Captioned web images:

------------------------------------------------------------

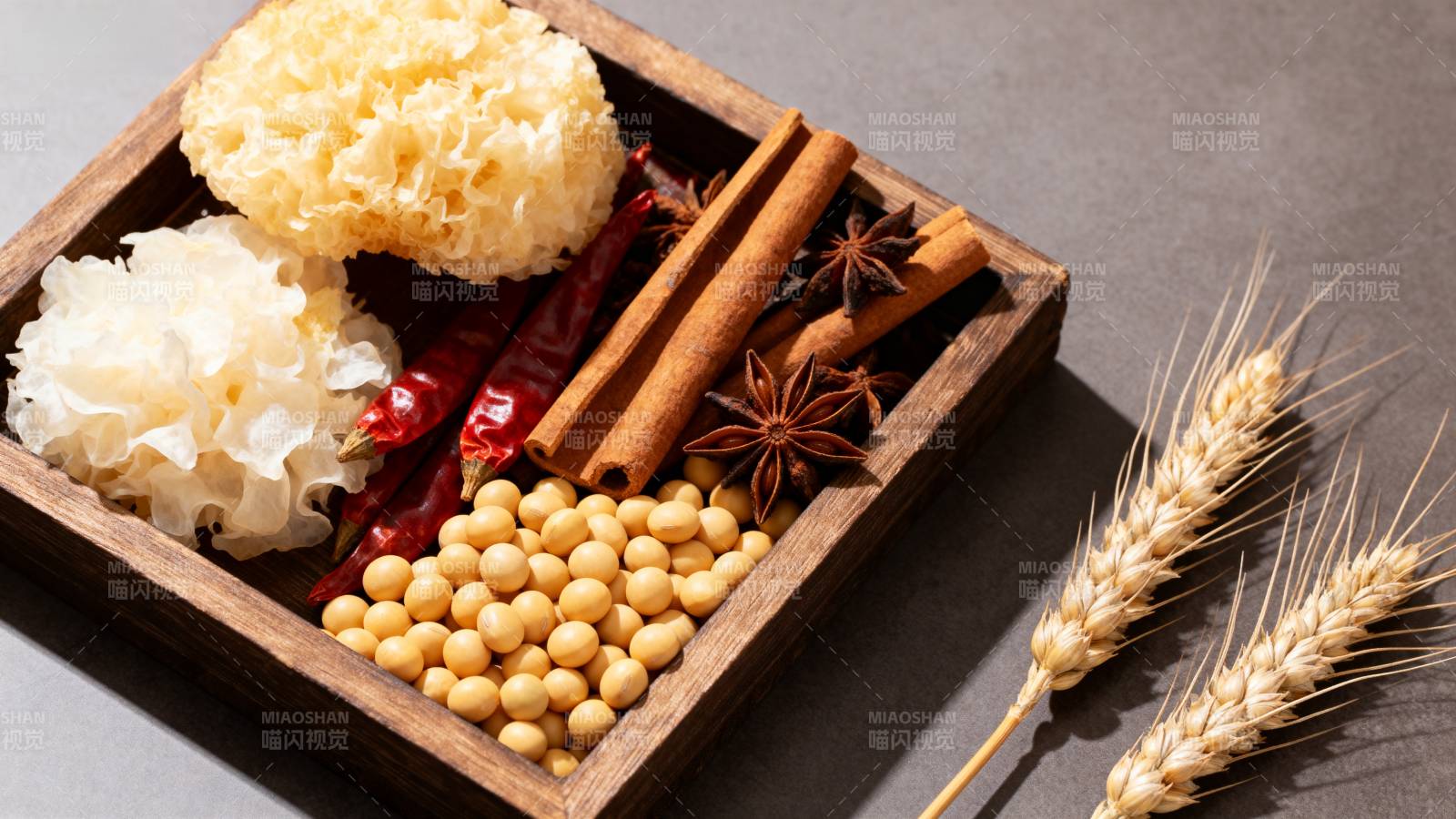 天然食材拼盘图片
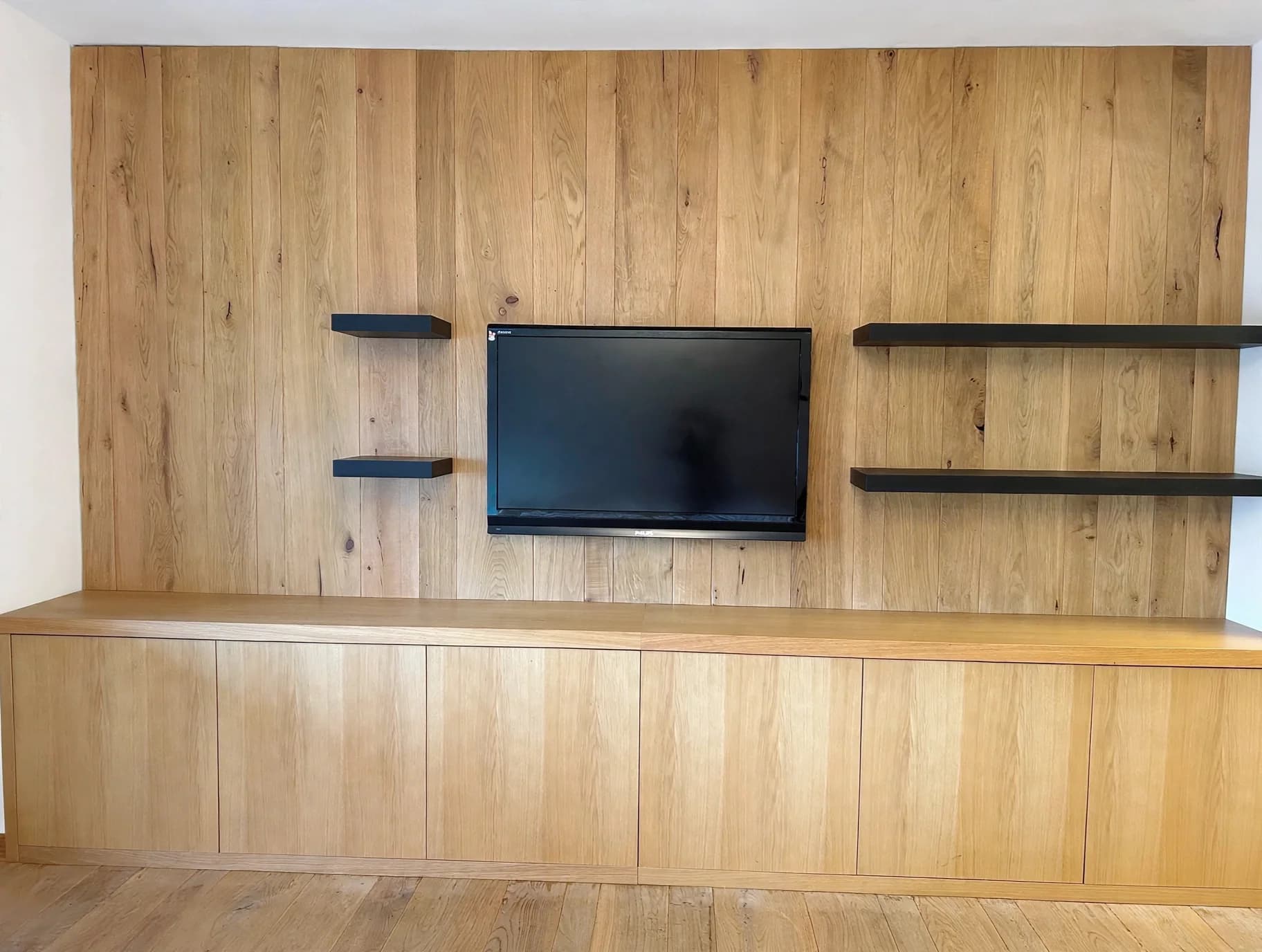 Parete TV su misura — Sestriere
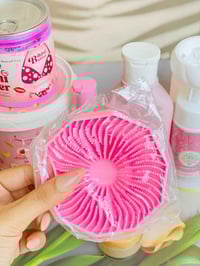 بوكس عناية • مقشر وجه وجسم • زيت يارا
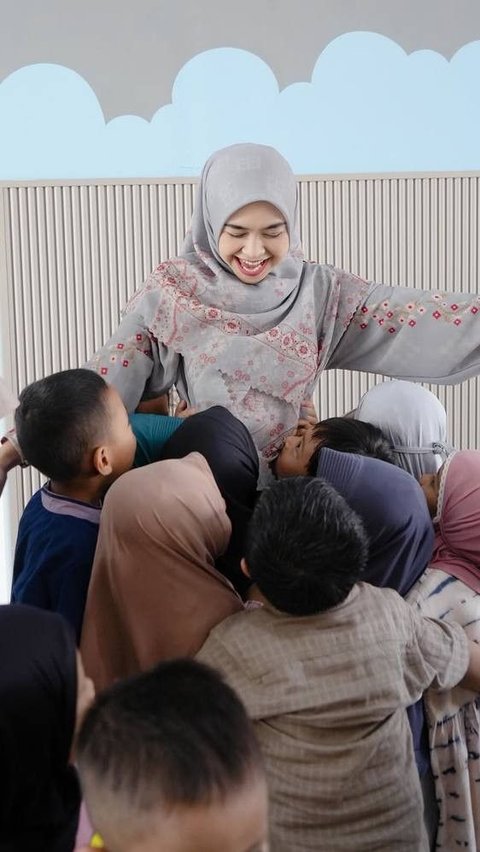 Pesona Ria Ricis Jadi Bu Guru, Mengajar di Sekolah Anak Usia Dini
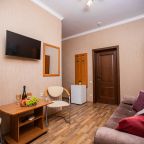 Трёхместный и более (Семейный двухкомнатный до 4 гостей с балконом), Отель Джульетта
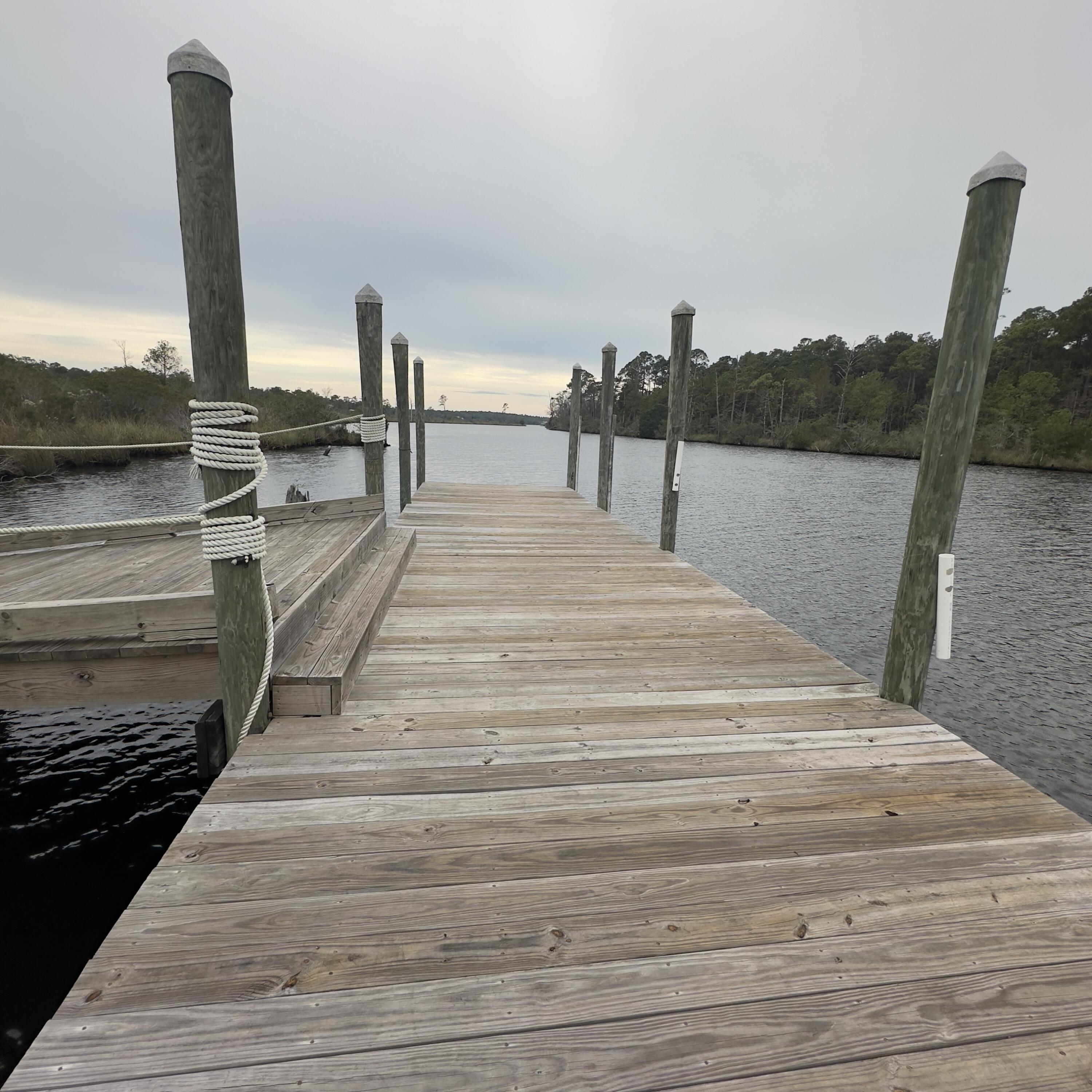 10 Riverwalk Crossing Freeport, FL 32439 - Photo 31 of 35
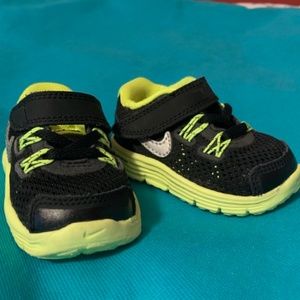 NIKE Lunarlon shoes size 2
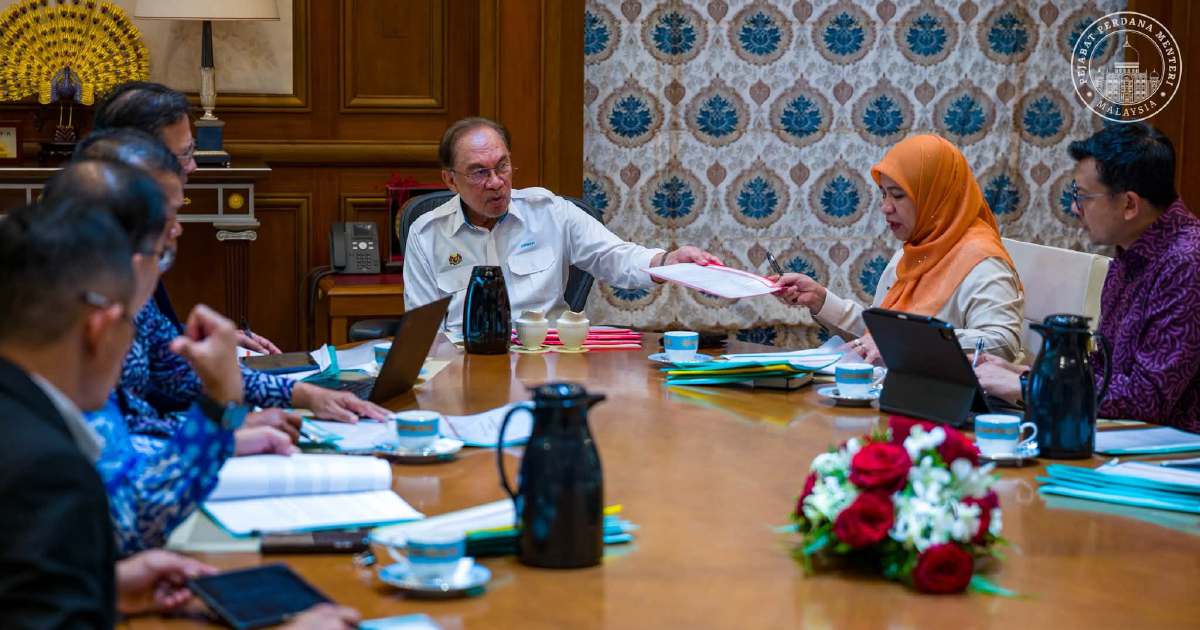 Anwar Urges Rapid Action on Felda Settlers' Land and Housing Crisis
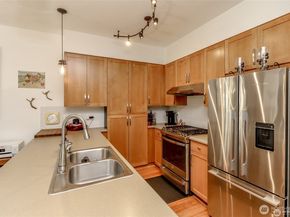 1840 25th Avenue NE 204, Issaquah WA 98029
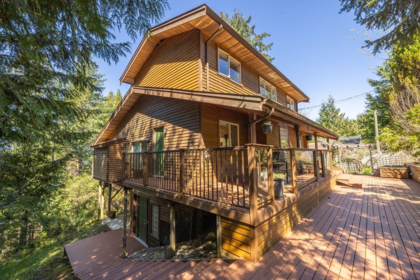 Front Yard Photo of 5864 Skookumchuk Road, Sechelt, BC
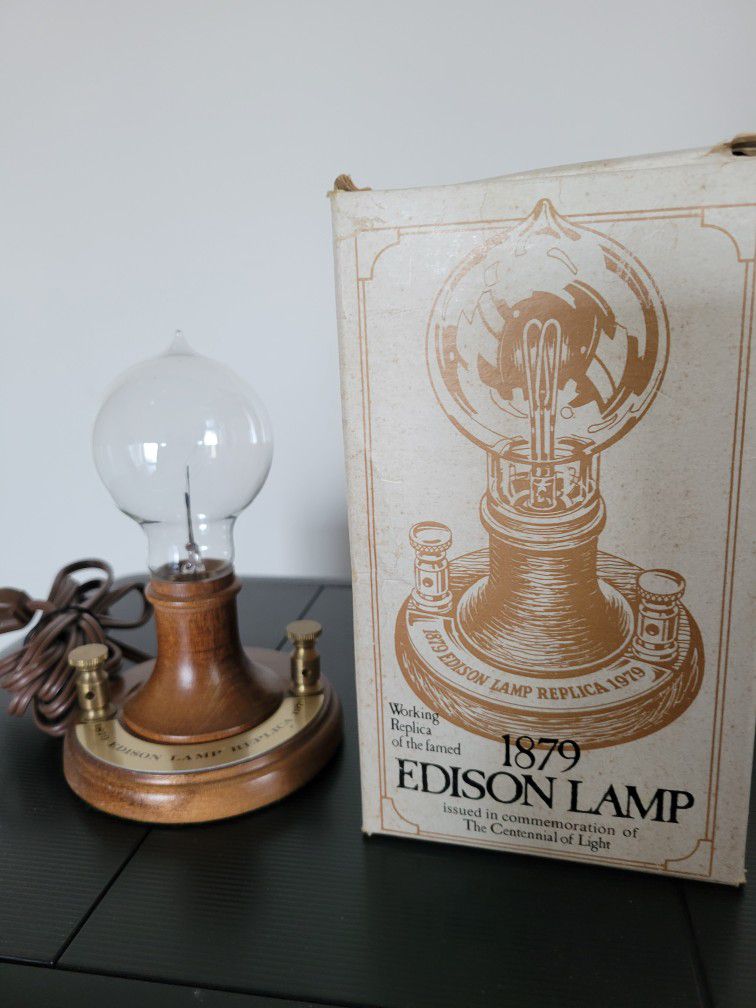 1879 Thomas Edison  Lamp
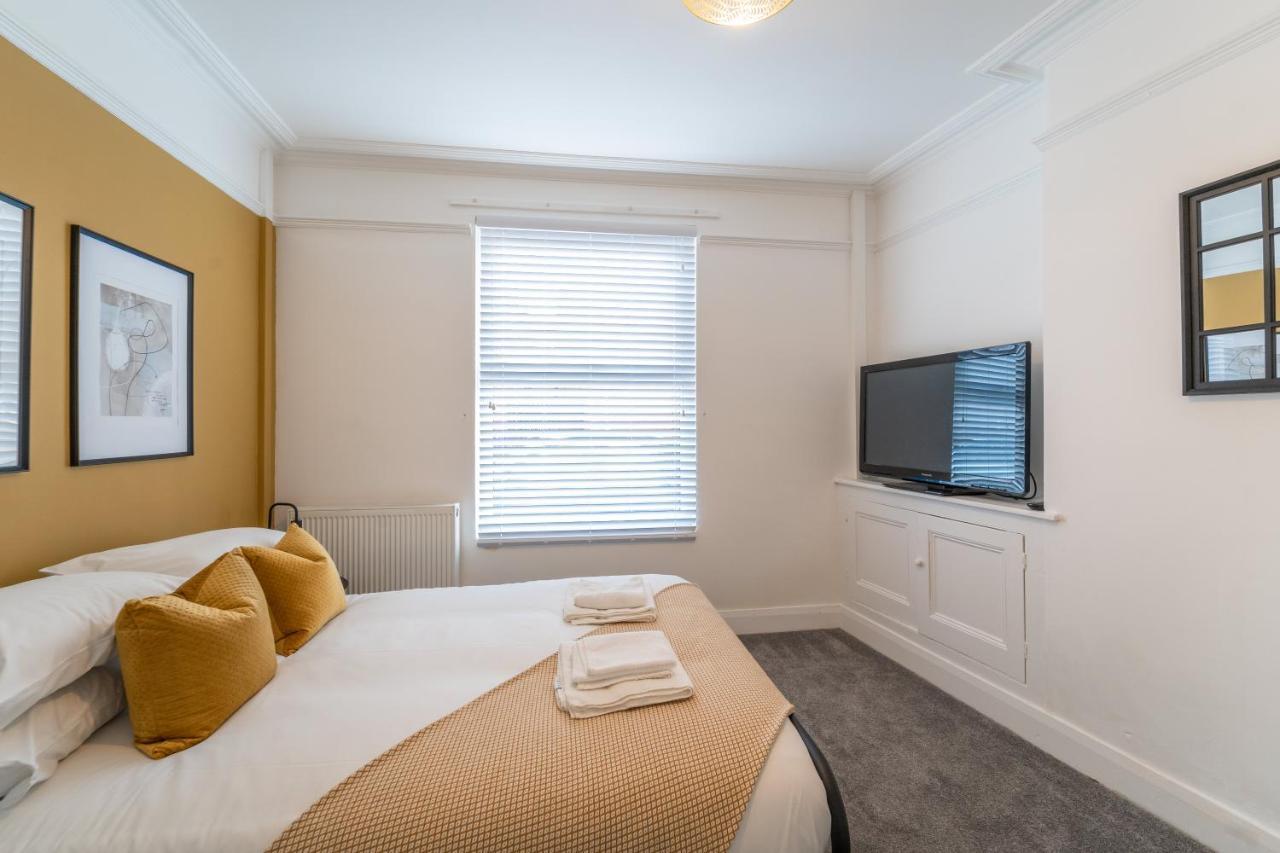 South View - 3 Bed Modern Chester House - Close To City Centre Kültér fotó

------------------------------------------------------------

TASK DETAILS
Give the entries again, exactly and in full, with no image included.

RESPONSE
 天然食材拼盘图片
 Parete TV su misura — Sestriere
 بوكس عناية • مقشر وجه وجسم • زيت يارا
 Pesona Ria Ricis Jadi Bu Guru, Mengajar di Sekolah Anak Usia Dini
 Трёхместный и более (Семейный двухкомнатный до 4 гостей с балконом), Отель Джульетта
 10 Riverwalk Crossing Freeport, FL 32439 - Photo 31 of 35
 NIKE Lunarlon shoes size 2
 Anwar Urges Rapid Action on Felda Settlers' Land and Housing Crisis
 1840 25th Avenue NE 204, Issaquah WA 98029
 Front Yard Photo of 5864 Skookumchuk Road, Sechelt, BC
 1879 Thomas Edison  Lamp
 South View - 3 Bed Modern Chester House - Close To City Centre Kültér fotó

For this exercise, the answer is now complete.